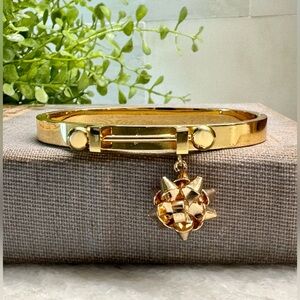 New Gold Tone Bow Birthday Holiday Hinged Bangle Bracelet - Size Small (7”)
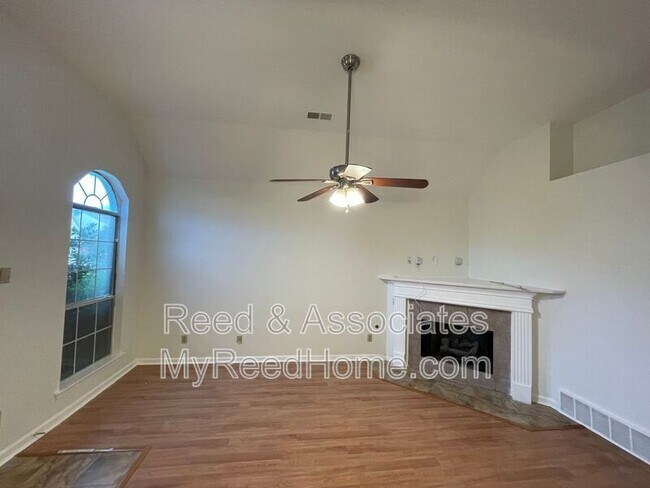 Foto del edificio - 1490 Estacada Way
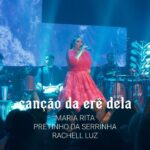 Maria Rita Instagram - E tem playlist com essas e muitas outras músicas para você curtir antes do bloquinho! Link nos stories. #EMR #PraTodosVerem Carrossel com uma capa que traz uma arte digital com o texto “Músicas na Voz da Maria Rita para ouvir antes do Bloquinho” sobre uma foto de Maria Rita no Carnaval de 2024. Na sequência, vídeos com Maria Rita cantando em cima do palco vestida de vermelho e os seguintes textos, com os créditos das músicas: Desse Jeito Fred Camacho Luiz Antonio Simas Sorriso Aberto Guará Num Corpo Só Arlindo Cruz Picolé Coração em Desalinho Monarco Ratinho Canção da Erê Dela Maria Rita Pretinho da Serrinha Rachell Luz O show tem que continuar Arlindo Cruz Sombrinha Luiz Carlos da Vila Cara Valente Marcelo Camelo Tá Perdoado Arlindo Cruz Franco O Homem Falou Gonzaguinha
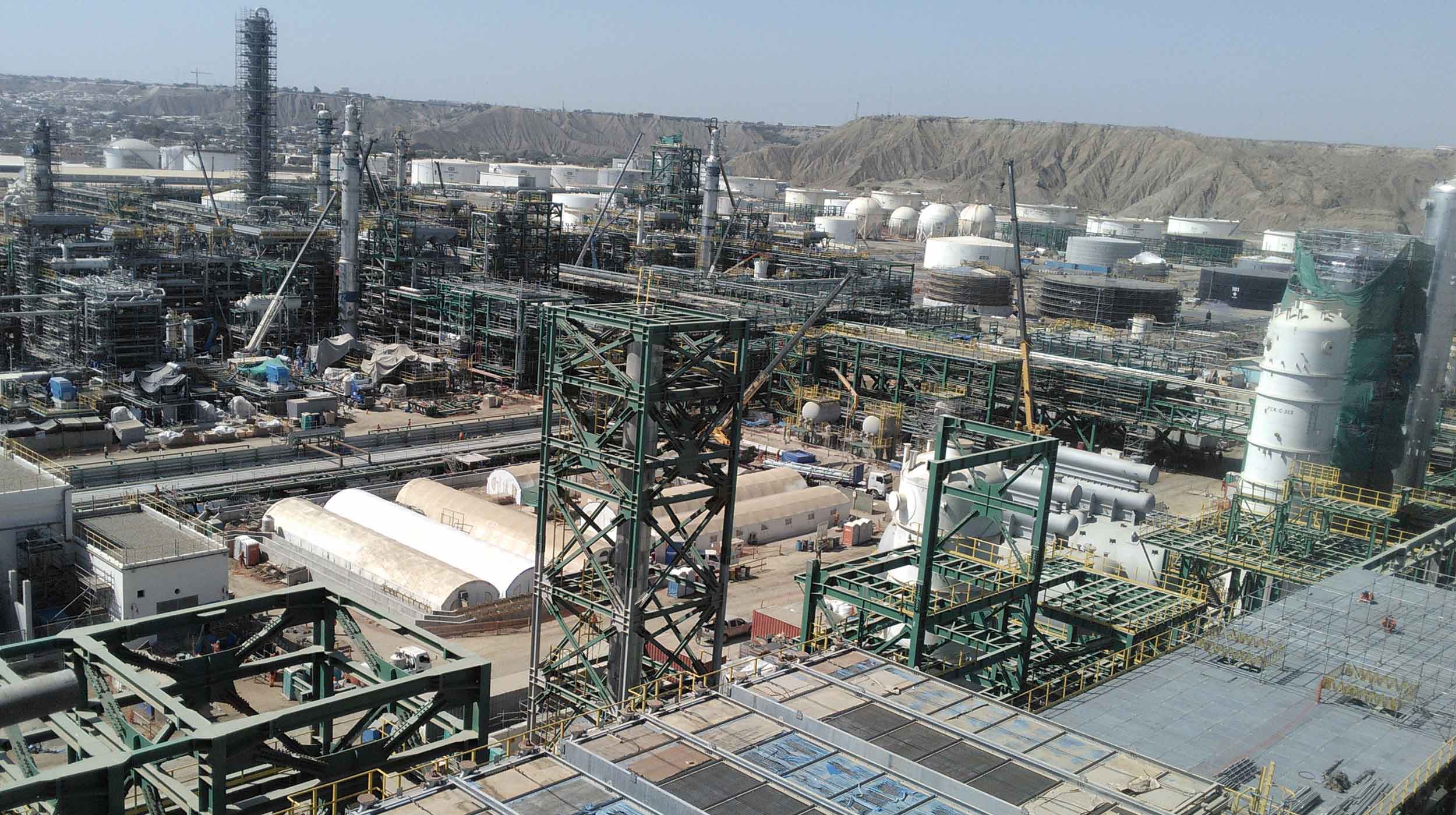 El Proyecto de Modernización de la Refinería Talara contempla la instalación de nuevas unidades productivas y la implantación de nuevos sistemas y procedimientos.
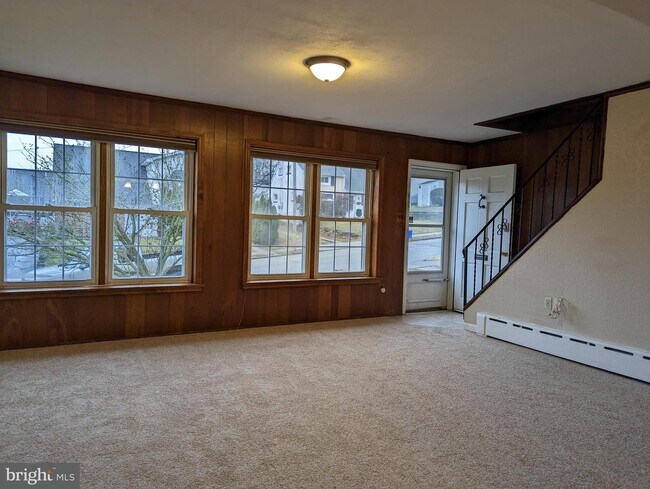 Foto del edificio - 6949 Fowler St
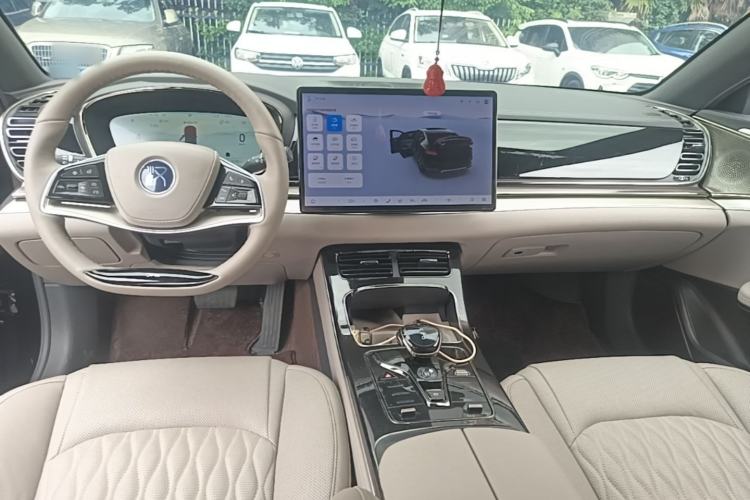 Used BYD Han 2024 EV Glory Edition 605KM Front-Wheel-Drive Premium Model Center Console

※ ※ ※

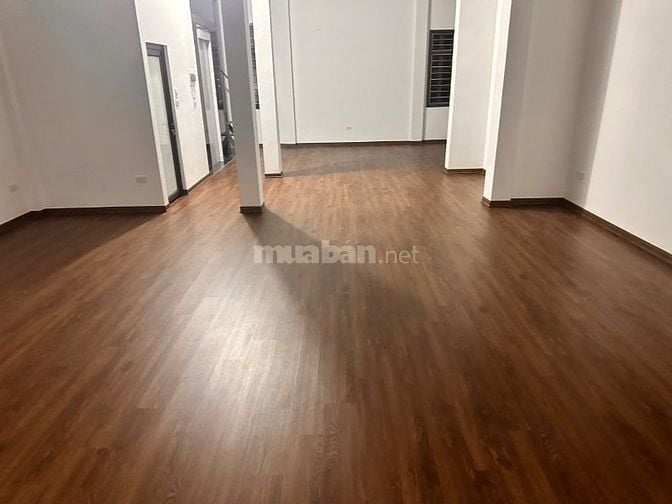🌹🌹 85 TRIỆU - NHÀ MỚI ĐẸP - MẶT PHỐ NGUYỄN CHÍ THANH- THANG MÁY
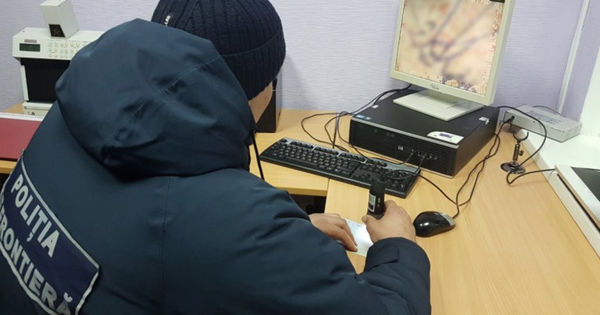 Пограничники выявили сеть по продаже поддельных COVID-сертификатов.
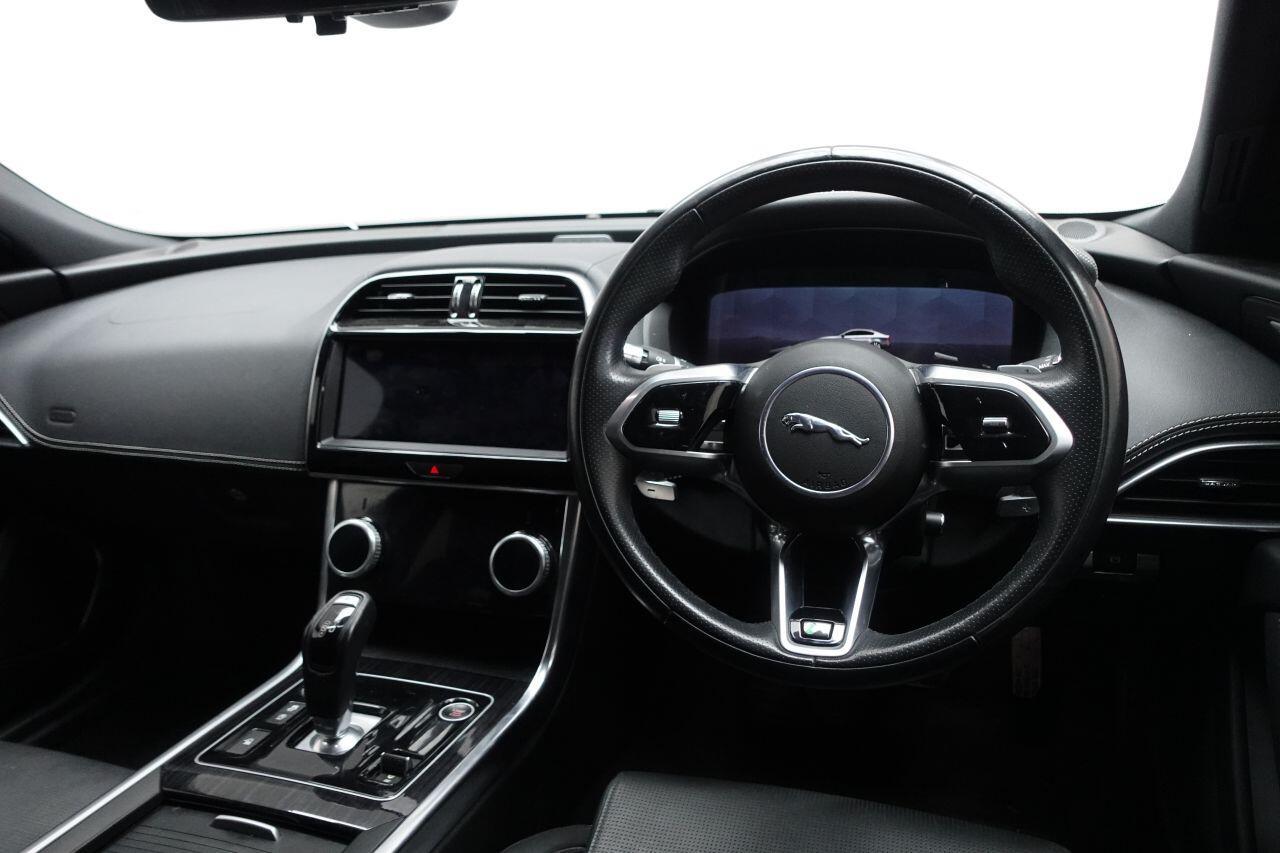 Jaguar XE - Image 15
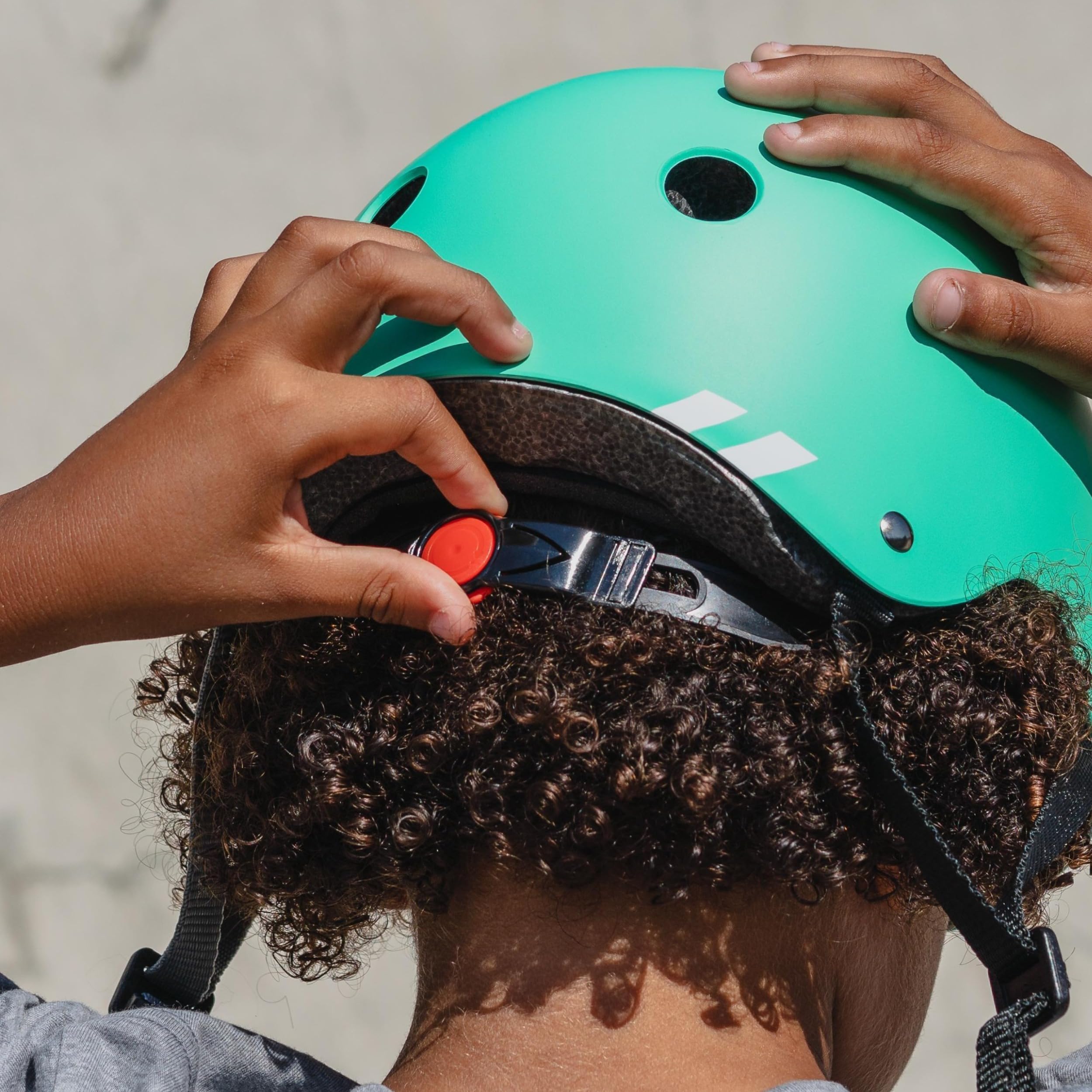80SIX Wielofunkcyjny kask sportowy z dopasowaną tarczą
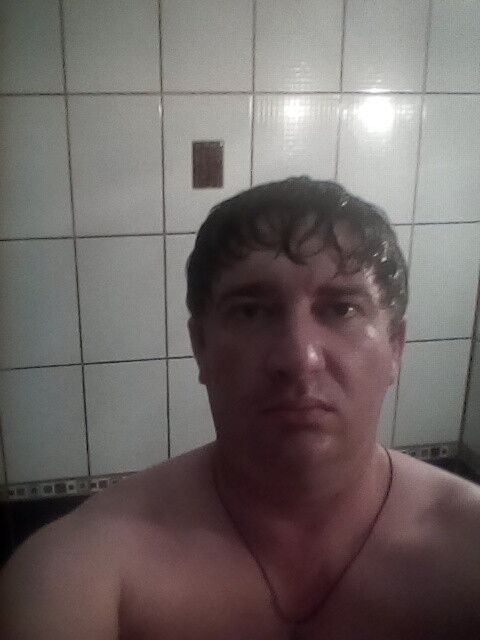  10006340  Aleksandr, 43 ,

※ ※ ※

Assignment:
In the listing above, find the line containing "New Gold Tone" and the line containing "Used BYD Han", then return both of them and every line between, exactly, without pictures.

Answer for this exercise:
 New Gold Tone Bow Birthday Holiday Hinged Bangle Bracelet - Size Small (7”)
 Foto del edificio - 1490 Estacada Way
 Maria Rita Instagram - E tem playlist com essas e muitas outras músicas para você curtir antes do bloquinho! Link nos stories. #EMR #PraTodosVerem Carrossel com uma capa que traz uma arte digital com o texto “Músicas na Voz da Maria Rita para ouvir antes do Bloquinho” sobre uma foto de Maria Rita no Carnaval de 2024. Na sequência, vídeos com Maria Rita cantando em cima do palco vestida de vermelho e os seguintes textos, com os créditos das músicas: Desse Jeito Fred Camacho Luiz Antonio Simas Sorriso Aberto Guará Num Corpo Só Arlindo Cruz Picolé Coração em Desalinho Monarco Ratinho Canção da Erê Dela Maria Rita Pretinho da Serrinha Rachell Luz O show tem que continuar Arlindo Cruz Sombrinha Luiz Carlos da Vila Cara Valente Marcelo Camelo Tá Perdoado Arlindo Cruz Franco O Homem Falou Gonzaguinha
 El Proyecto de Modernización de la Refinería Talara contempla la instalación de nuevas unidades productivas y la implantación de nuevos sistemas y procedimientos.
 Foto del edificio - 6949 Fowler St
 Used BYD Han 2024 EV Glory Edition 605KM Front-Wheel-Drive Premium Model Center Console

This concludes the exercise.